DiS: It must be quite surreal that songs off Hearts, which are four to five years old for you are seen as new songs by a lot of audiences that may not have been aware of the band before the record came out last year or even seeing you live for the first time after that.
Maria: I re-arranged the songs so it would feel better for me because otherwise I wouldn't be able to perform them. I think if I'd just left them how they are on the record I'd be very depressed! By re-arranging them, they've become more like how we're sounding as a band now, not only live but also in the studio with the new songs that are taking shape. They feel new to me as well which is why I feel so good about performing them live. That's why it doesn't feel so strange, because those re-arranged versions are new to me too.
DiS: The way 'Winter Beats' builds and builds into this euphoric climax at the end of the set almost reminds me of being at a warehouse rave party back in the day. Was that your intention?
Maria: I don't think I ever have any deliberate intentions when I write music. It just happens. It wasn't meant to mirror any specific event or scenario. It came from when I went to record the album in Poland. It didn't really turn out that great, although I did find some really good synthesizers. 'Winter Beats' wasn't even written before we went into the studio. It just happened on this Russian synthesizer that sounded awesome. We spent most of our time there recording the other songs because, at first, we didn't think it sounded right, but then I became obsessed with it and came up with this hook which became 'Winter Beats'. It was really funny because we had this German technician recording everything and he was not into the songs that much.
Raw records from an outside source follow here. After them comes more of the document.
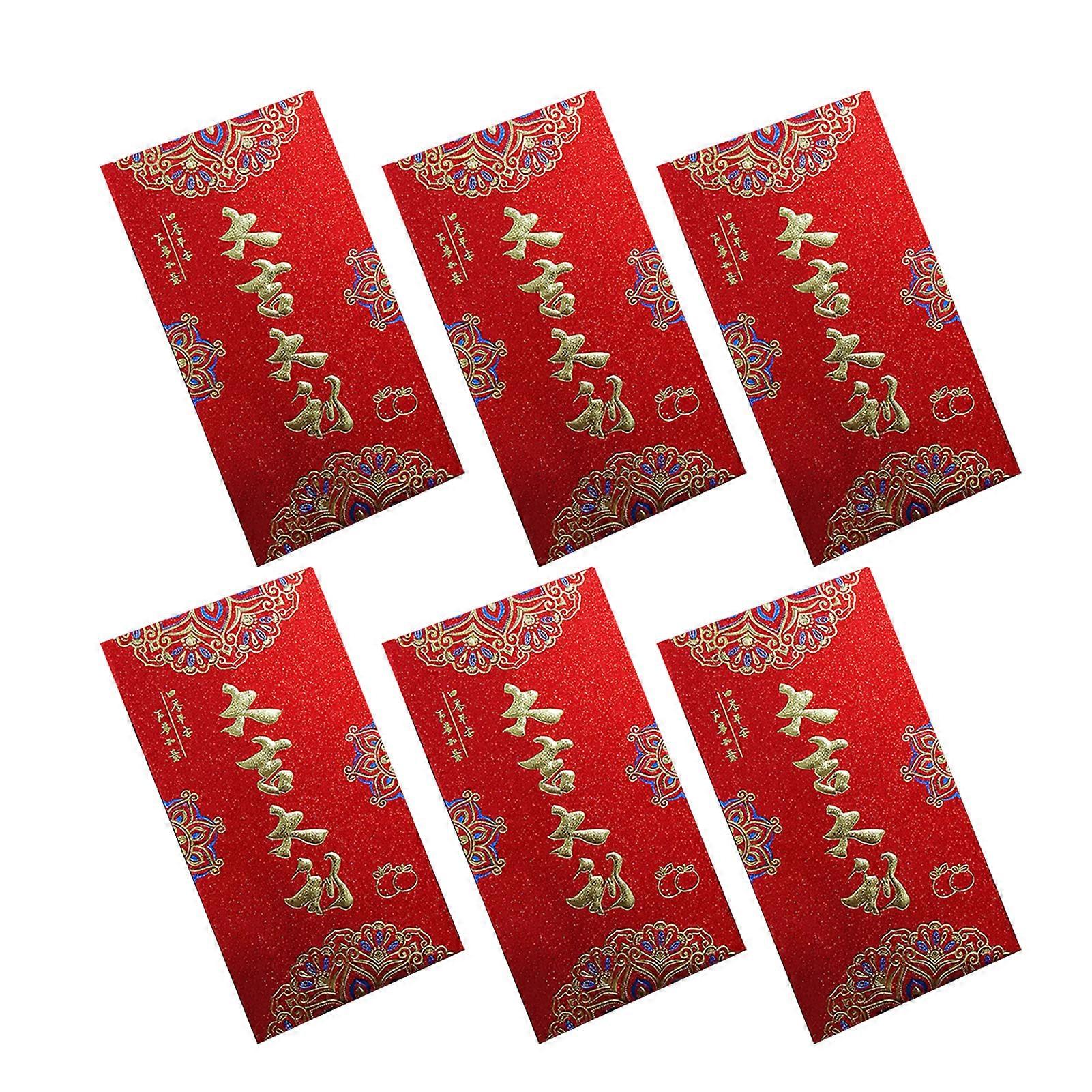 6Pcs Year of The Snake Red Envelopes 2025 Chinese Lunar New Year Lucky Money Hong Bao Red Pockets for Spring Festival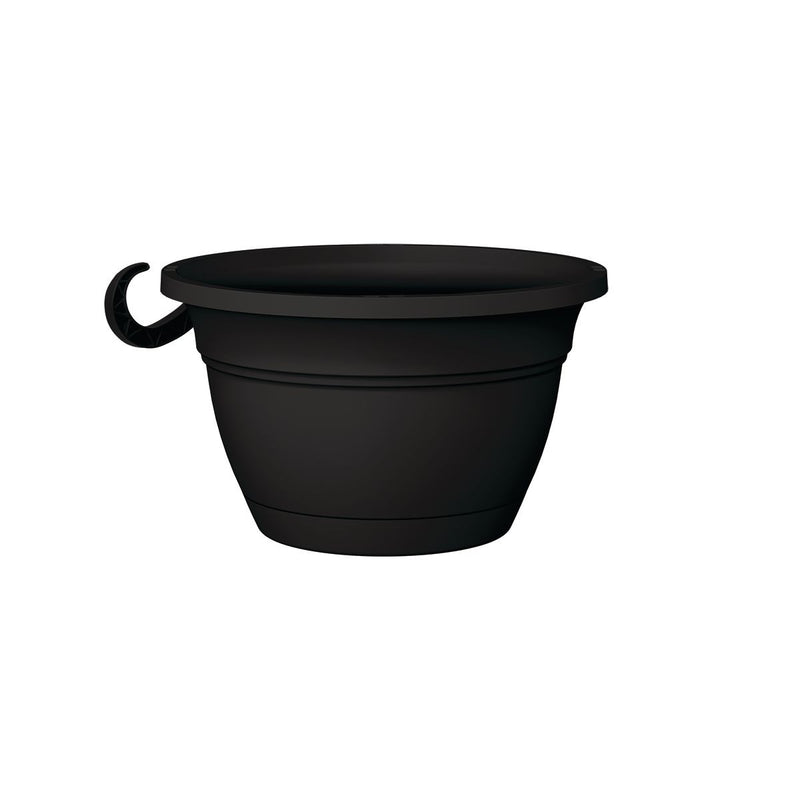 Eclipse Hanging Plastic Basket Round Planter with Saucer Tray, Assorted Sizes E2092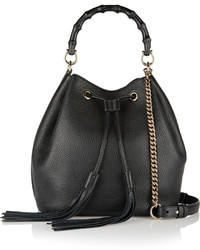 Gucci Linea C Textured Leather Bucket Bag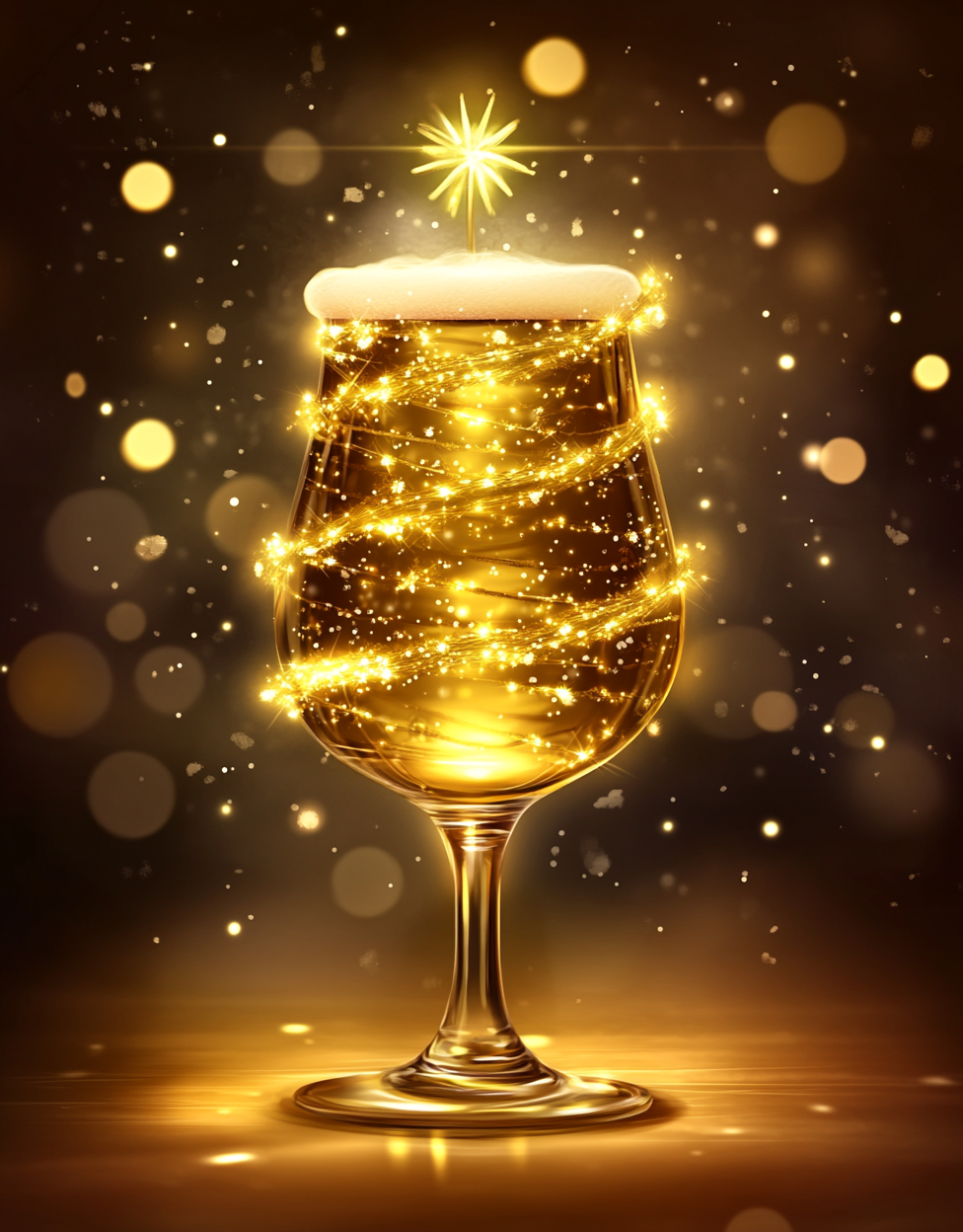 A Glass of Beer with Christmas Tree Stem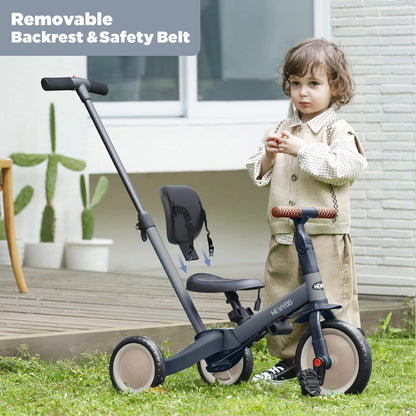 newyoo Tricycle 5 en 1, draisienne à partir de 1 an, avec barre de poussée, pour enfants à partir de 1, 2, 3 ans, avec pédales amovibles et siège réglable, Donkergrijs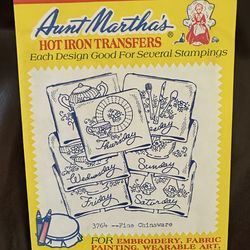 Aunt Martha’s Hot Iron Transfer #3764 Fine Chinaware Vintage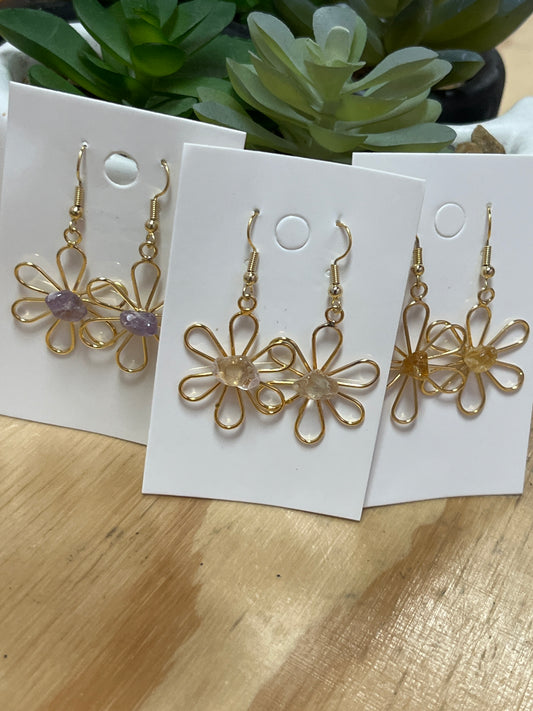 Gold Plated Flower Tumble Earrings
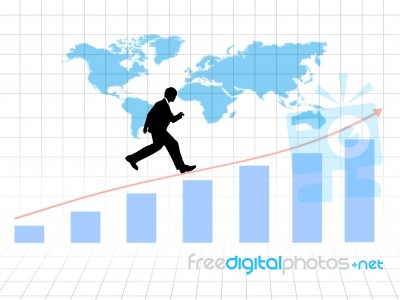 Businessman Running On Bar Chart Stock Image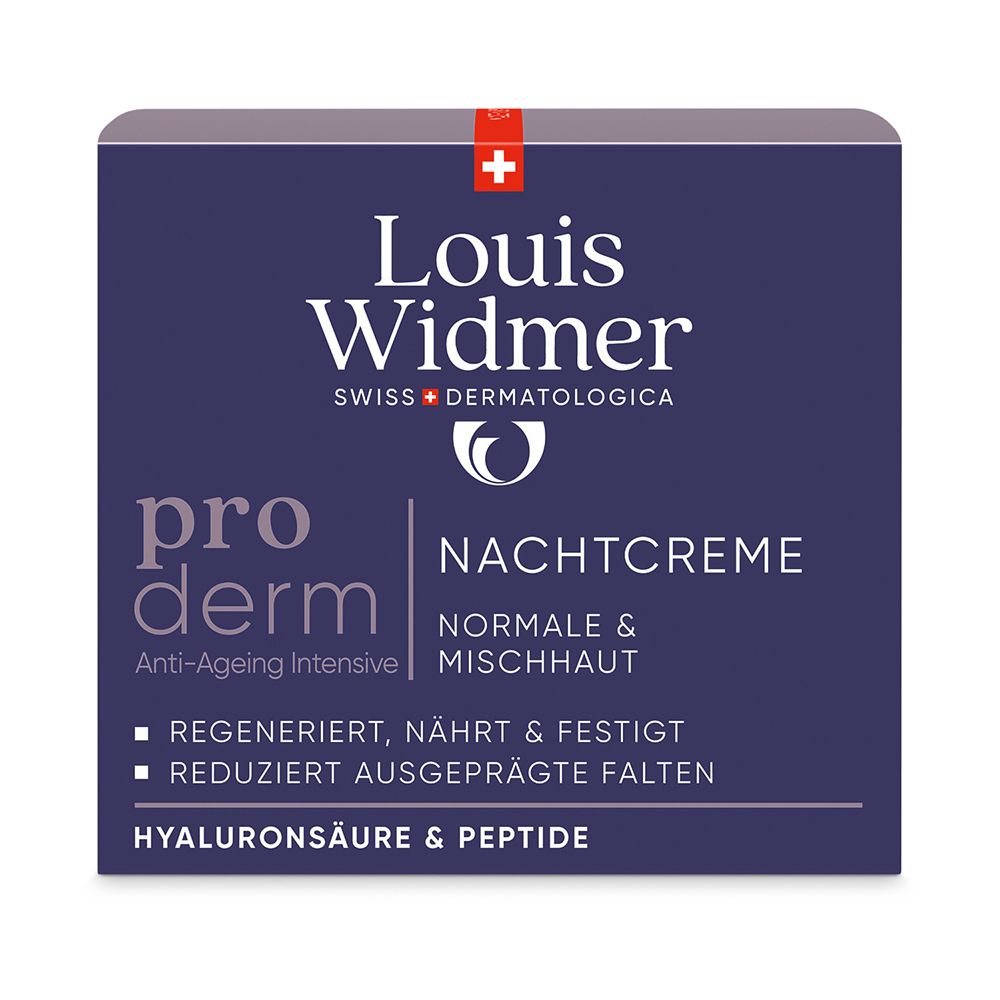 Emballage de la Louis Widmer pro derm Crème de Nuit avec informations produit et sceaux.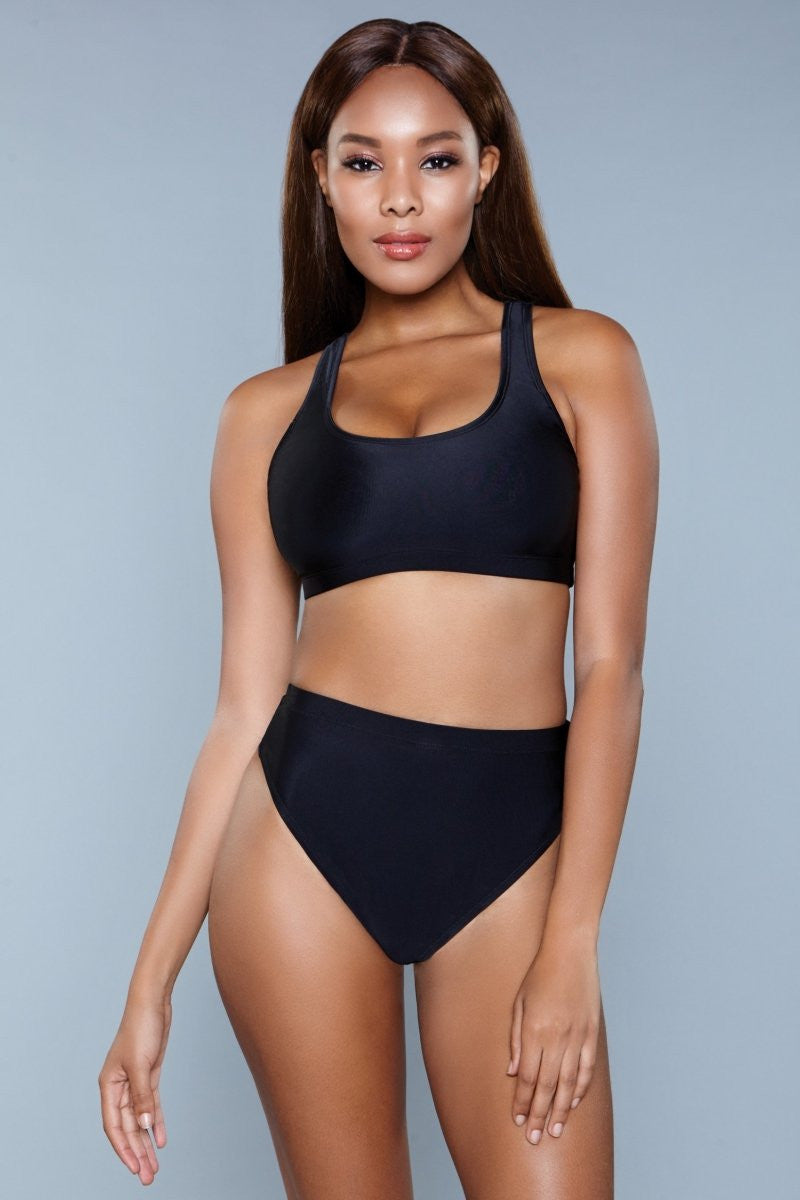 Vera 2 Piece Set Swimwear - Black, front view on model - Be Juliet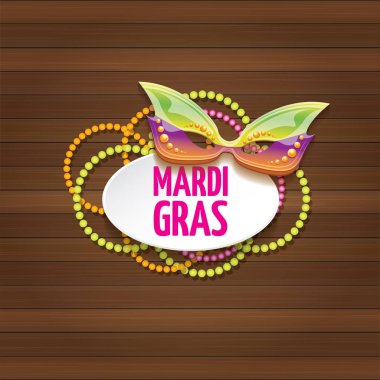Yeni orleans mardi gras Karnavalı etiket maskesi ve ahşap duvar arka plan üzerinde metin ile vektör. vektör mardi gras partisi veya yağ Salı poster tasarım şablonu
He found it very monotone and weird! I was playing with this one chord for about twenty minutes, making tiny tweaks here and there, and he just turned the volume down when I was standing back and listening to it. I was so tired of the whole recording process at that point, and 'Winter Beats' kind of ended up being made out of frustration. Looking back, I guess that's the one good thing that came out of that trip to Poland.
DiS: One of the main facets about I Break Horses is your ability to transcend several musical genres and boundaries, sometimes during the course of one song.
Maria: Definitely, although I get tired of us being labelled mainly as a shoegaze band because I listen to so much other music as well. If a song has some kind of melancholy than I know I will enjoy it fully. I've never been influenced by any one specific genre. I'm influenced by sounds. I guess that would have come via Loveless, obviously, because up to then I'd only really listen to Radio One. I remember buying that record and playing it for the first time. I really froze on the spot. I don't know why but it was just so beautiful. It was a very important record for me in terms of discovering new sounds, new ways of making music. That was definitely a turning point. I guess Hearts sounds more shoegaze orientated as an album than it does when played live. Maybe that was down to Loveless, I don't know? The impact that record had on me kind of meant I had to get a similar kind of record out of my system first, maybe?
DiS: Now the band are playing more live shows, will there be a full tour, hopefully with some UK dates to coincide with the second record?
Maria: I hope so. We'll do everything we possibly can to make that happen.
DiS: Are there any other bands or artists in Stockholm you think we should be focusing on?
Maria: Yeah, Loney Dear for starters. Also Faye.
DiS: Finally, being as we're at a festival, if you could choose any three artists past or present to headline your own three-day event, who would it be?
Maria: Three? Oh that's so difficult! This will take forever for me to answer! I would like to see Suicide headlining one of the days. There are so many bands that are great. Sonic Youth and My Bloody Valentine as well maybe, but then I'd have them both playing on the same day, so only one can headline! John Maus maybe? This is actually quite stressful! I'd have a rock day actually with Guns'n'Roses and Judas Priest. There, that's three I think!
The album Hearts is available now on Bella Union.